Andy Lücking (LLF)
Aspects of Multimodal Communication
Natural language interaction is multimodal. The thesis focuses on four aspects of multimodal communication: quantification in dialogue, pointing gestures, head shakes, and a cognitive construal of dialogue semantics in general.
A representational theory of count noun quantification is developed. A QNP now involves three sets, a refset, a compset and a maxset, the union of the former two sets. These sets provide antecedents for pronominal anaphora. A novel explanation for the highly restricted phenomenon of compset anaphora is given in terms of horror vacui: compset anaphora is only allowed if the QNP antecedent involves an empty refset. Quantification is expressed NP-internally, that is, without reference to a scope set. This denotational underpinning leads to a significant reduction of the logical space of quantifiers.
Based on previous experimental evidence, a spatial semantics for pointing gestures is developed, replacing directly referential models. It is claimed that demonstration acts like pointing gestures provide locational restrictions which indicate where the addressee should look for the referent according to the descriptive information of the accompanying noun phrase. Furthermore, it is shown It is shown that the components introduced on linguistic grounds correspond to pathways identified in psycho- and neuro-scientific studies.
Based on previous work on the verbal negative particle 'No', different uses of the head shake are identified. Following work on laughter, emotionally evaluative uses of head shaking are formally analysed: Here, the trigger of a head shake can root either in positively or a negatively aroused disbelief (with regard to an event, for instance). The intertwining of emotional and more classical descriptive contents has been construed as ‘noetic head shake’.

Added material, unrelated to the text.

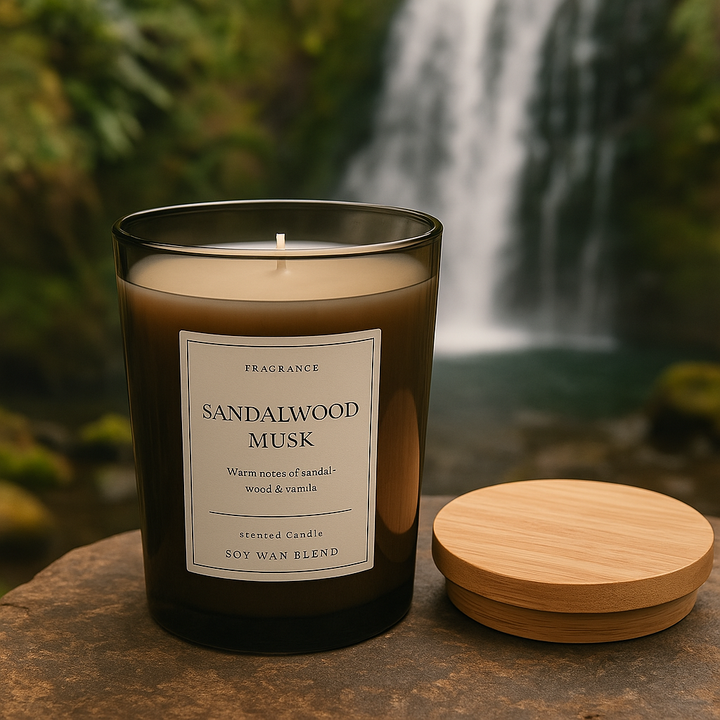 Premium Vanilla Amber Sandalwood Musk Scented Candle - XL (Online - exclusive)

A cognitive stance underlies the individual aspects of multimodal communication above. A cognitive stance is also inherent in dynamic semantic theories. Following the cognitive route, KoS is introduced as a representational semantic framework and linked to findings from cognitive science. By this means evidence is collected that dialogue semantics and cognitive science by and large can reasonably be said to share a common empirical domain.